0 Replies Latest reply on Sep 1, 2016 7:59 AM by dmdamiyo

    ORDS - RESTful Authentication without OAuth in Weblogic. Privileges, groups?


      Hi, I followed this nice tutorial:


      Developing Oracle REST Data Services Applications


      So I created a service, then a privilege. At the end I created a privilege mapping.

      So imagine I have a priviledge with p_name=>"ords.test" and p_role_name=>"Test Role" mapped to pattern /test/example/*.


      Now in the tutorial it's shown that we should execute command:

      java -jar ords.war user "user" "Test Role"


      to create a user with that role to bo able to access the REST service.



      Now my question. As I don't want to run the command above (it's not suitable for production). I would like to use weblogic users/groups.

      But when I create a weblogic user called "testuser" (with Creating a WebLogic Server User) and don't assign him any roles I'm able to access the above REST service (and all others).

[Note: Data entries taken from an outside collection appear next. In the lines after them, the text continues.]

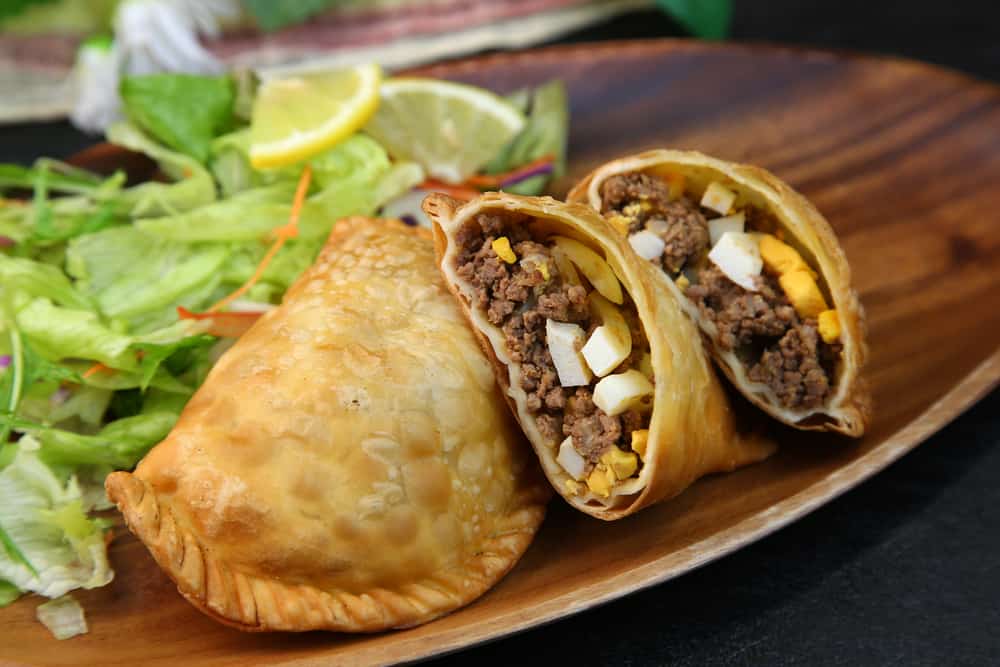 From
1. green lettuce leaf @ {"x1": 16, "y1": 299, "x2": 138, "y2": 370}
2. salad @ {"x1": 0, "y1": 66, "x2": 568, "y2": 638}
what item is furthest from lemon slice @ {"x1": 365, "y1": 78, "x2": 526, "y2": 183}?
green lettuce leaf @ {"x1": 16, "y1": 299, "x2": 138, "y2": 370}

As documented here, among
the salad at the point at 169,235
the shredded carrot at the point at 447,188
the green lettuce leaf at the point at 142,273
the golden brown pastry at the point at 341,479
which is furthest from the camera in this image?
the shredded carrot at the point at 447,188

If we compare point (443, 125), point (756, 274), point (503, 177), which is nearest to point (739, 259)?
point (756, 274)

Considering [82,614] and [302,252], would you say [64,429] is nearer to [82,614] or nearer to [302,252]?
[82,614]

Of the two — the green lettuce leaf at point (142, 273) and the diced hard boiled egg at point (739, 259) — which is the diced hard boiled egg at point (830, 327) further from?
the green lettuce leaf at point (142, 273)

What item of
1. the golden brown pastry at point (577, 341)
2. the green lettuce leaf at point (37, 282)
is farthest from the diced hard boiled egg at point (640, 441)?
the green lettuce leaf at point (37, 282)

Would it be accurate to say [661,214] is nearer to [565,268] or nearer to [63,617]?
[565,268]

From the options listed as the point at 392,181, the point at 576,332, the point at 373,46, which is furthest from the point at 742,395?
the point at 373,46

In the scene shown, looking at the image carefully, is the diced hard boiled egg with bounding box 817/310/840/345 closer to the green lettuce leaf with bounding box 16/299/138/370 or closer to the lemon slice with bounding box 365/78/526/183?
the lemon slice with bounding box 365/78/526/183

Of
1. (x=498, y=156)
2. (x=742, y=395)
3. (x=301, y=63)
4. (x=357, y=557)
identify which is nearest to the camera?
(x=357, y=557) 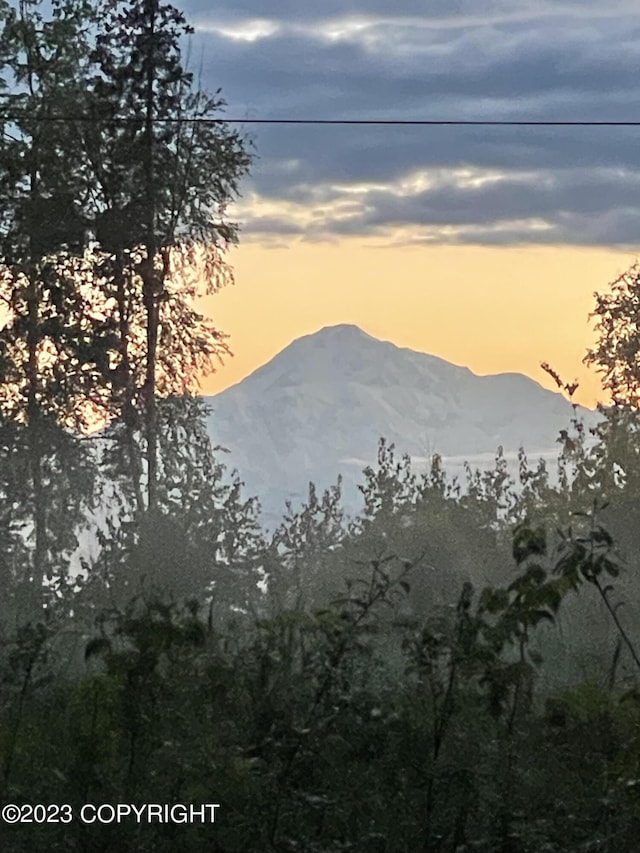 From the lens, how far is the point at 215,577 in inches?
320

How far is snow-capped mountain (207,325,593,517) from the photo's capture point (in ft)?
29.2

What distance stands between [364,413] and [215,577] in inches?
72.2

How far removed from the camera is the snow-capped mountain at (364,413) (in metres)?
8.89

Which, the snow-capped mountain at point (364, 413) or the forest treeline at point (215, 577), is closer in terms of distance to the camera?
the forest treeline at point (215, 577)

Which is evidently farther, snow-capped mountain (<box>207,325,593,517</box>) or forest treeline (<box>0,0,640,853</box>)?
snow-capped mountain (<box>207,325,593,517</box>)

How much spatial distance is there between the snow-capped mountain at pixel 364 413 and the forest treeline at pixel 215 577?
19cm

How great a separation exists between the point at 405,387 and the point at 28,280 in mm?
3161

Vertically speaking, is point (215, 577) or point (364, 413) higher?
point (364, 413)

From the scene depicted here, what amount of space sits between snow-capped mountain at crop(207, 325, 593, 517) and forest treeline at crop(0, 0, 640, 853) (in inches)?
7.4

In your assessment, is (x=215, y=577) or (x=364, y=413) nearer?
(x=215, y=577)

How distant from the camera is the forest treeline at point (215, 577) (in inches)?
123

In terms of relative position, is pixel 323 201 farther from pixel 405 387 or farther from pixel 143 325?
pixel 143 325

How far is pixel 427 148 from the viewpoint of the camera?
7668 mm

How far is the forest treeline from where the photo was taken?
3.12 metres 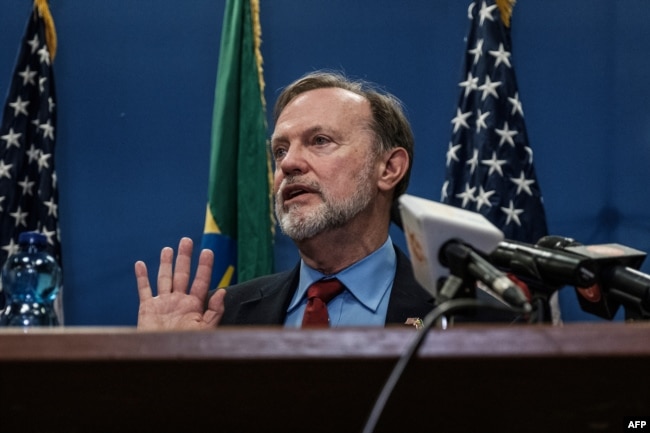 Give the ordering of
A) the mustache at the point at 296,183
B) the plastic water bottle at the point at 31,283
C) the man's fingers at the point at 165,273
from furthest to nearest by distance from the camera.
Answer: the mustache at the point at 296,183 → the man's fingers at the point at 165,273 → the plastic water bottle at the point at 31,283

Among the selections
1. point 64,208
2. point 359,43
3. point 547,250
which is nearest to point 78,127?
point 64,208

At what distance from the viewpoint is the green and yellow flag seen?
3.54 metres

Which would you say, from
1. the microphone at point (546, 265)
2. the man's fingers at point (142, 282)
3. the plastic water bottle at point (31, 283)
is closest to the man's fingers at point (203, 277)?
the man's fingers at point (142, 282)

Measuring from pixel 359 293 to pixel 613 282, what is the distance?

      I thought it would work in a way that I create a weblogic group called "Test Role" and then add my "testuser" to that role - and I am able to access the REST service using this user only if he belongs to group "Test Role".

      But it turns out that even withour this role I'm able to access this service..


      I would appreciate any hints that would point me to right direction (I don't want to use OAuth for now).